Hollywood studios and the striking writers will meet for a third day on Friday after concluding “marathon” talks aimed at resolving the nearly 150-day deadlock.
The Alliance of Motion Picture and Television Producers studio heads and the Writers Guild of America union are scheduled to resume negotiations, but the WGA union asked members to return to the picket lines in a message to its members late Thursday.
“The WGA and AMPTP met for bargaining today and will meet again tomorrow,” the guild wrote in a note sent to members late Thursday. “Your Negotiating Committee appreciates all the messages of solidarity and support we have received the last few days, and ask as many of you as possible to come out to the picket lines tomorrow.”
A person with knowledge of the situation told CNN that the writers and heads of the four major Hollywood studios haggled for more than 10 hours on Thursday without coming to an agreement.
The source, who asked to remain anonymous because they were not officially authorized to speak about the situation, claimed that although more progress was made during the two days of intense negotiations between the two parties on Thursday, a deal to end the historic Hollywood work stoppage has still not been signed.
The AMPTP studio executives, including David Zaslav of Warner Bros.

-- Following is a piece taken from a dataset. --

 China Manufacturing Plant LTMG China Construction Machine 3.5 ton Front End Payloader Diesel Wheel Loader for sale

Discovery, Bob Iger of Disney, Ted Sarandos of Netflix, and Donna Langley of NBCUniversal, resumed talks with the WGA on Wednesday. Following the meeting, the parties made a rare joint statement announcing they will resume their conversations the following day.
It may be a sign of improvement that the two parties, who occasionally chastised one another for comments made to the media, issued a single statement.

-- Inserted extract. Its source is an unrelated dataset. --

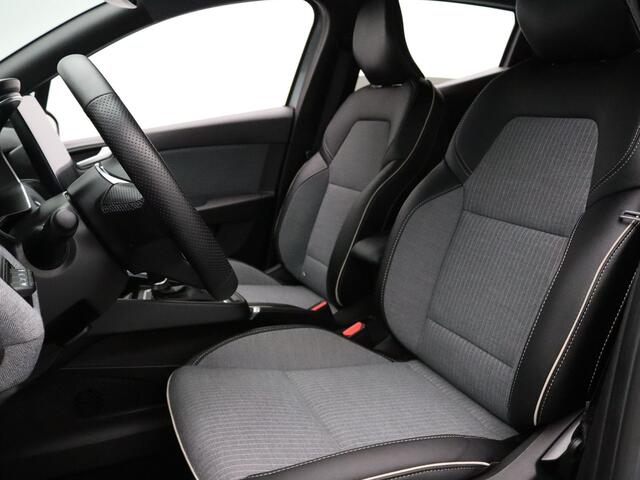 Renault CLIO 1.6 E-Tech Full Hybrid 145 techno Camera | Cruise | Climate | Navi | Parkeersens. achter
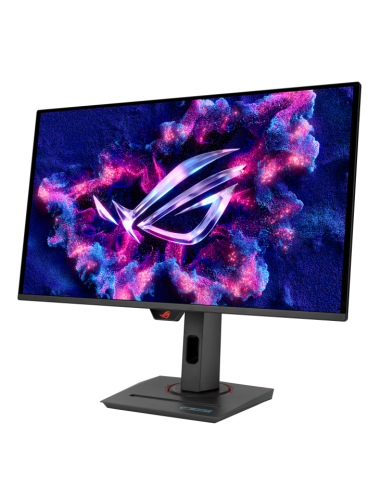 ASUS XG27UCDMG 26,5 инча QD-OLED UHD 16:9 240Hz 450cd/m2 0,03ms 2xHDMI DP USB-C USB хъб: 3xUSB 3.2 G1 Type-A Черен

CNN’s parent company is Warner Bros. Discovery.
The WGA went on strike on May 2, and as of Thursday, the work stoppage had been in effect for 143 days, closing in on the 154-day strike that took place in 1988 as the longest in the union’s history. Even before SAG-AFTRA joined the WGA on strike on July 14, many productions had already stopped.
Better pay, residual payments from streaming services for their labor, and employment protections from the usage of artificial intelligence are just a few of the requests that both sides have.